Data extract:
=== Begin Enclosure ===

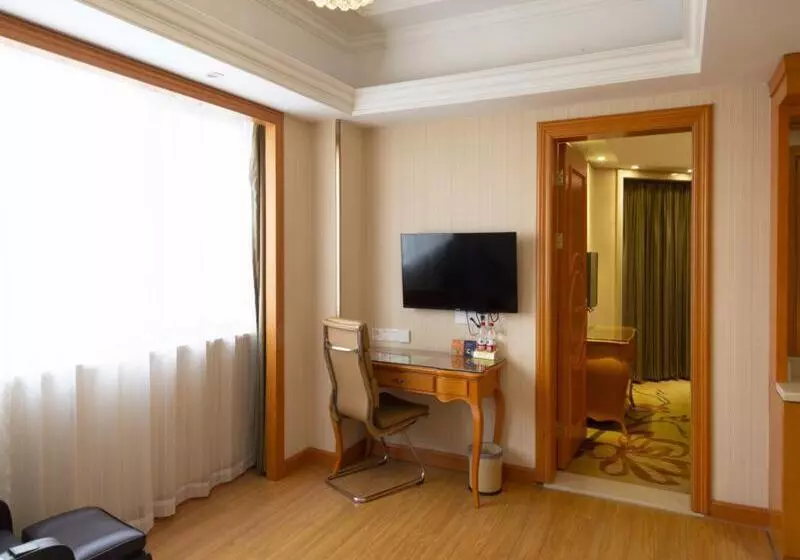 Vienna Hotel Shanghai Yangpu Wujiaochang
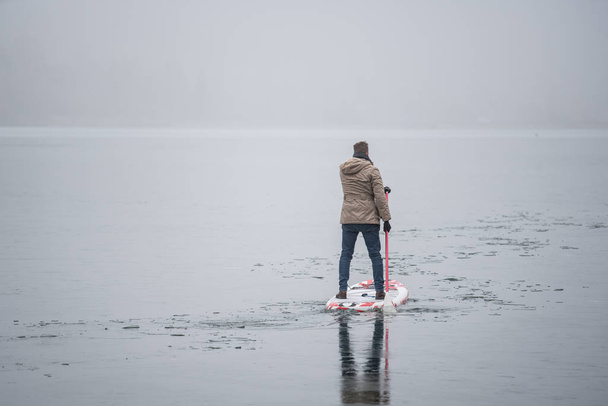 Invierno SUP paseo en el lago helado
 - Foto, imagen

=== End Enclosure ===

Goal of the exercise: Set down nothing but the lines from the one containing "Invierno SUP paseo en el lago helado" to the final line above, both included, with every picture left out.

Response for this exercise:
 Invierno SUP paseo en el lago helado
 - Foto, imagen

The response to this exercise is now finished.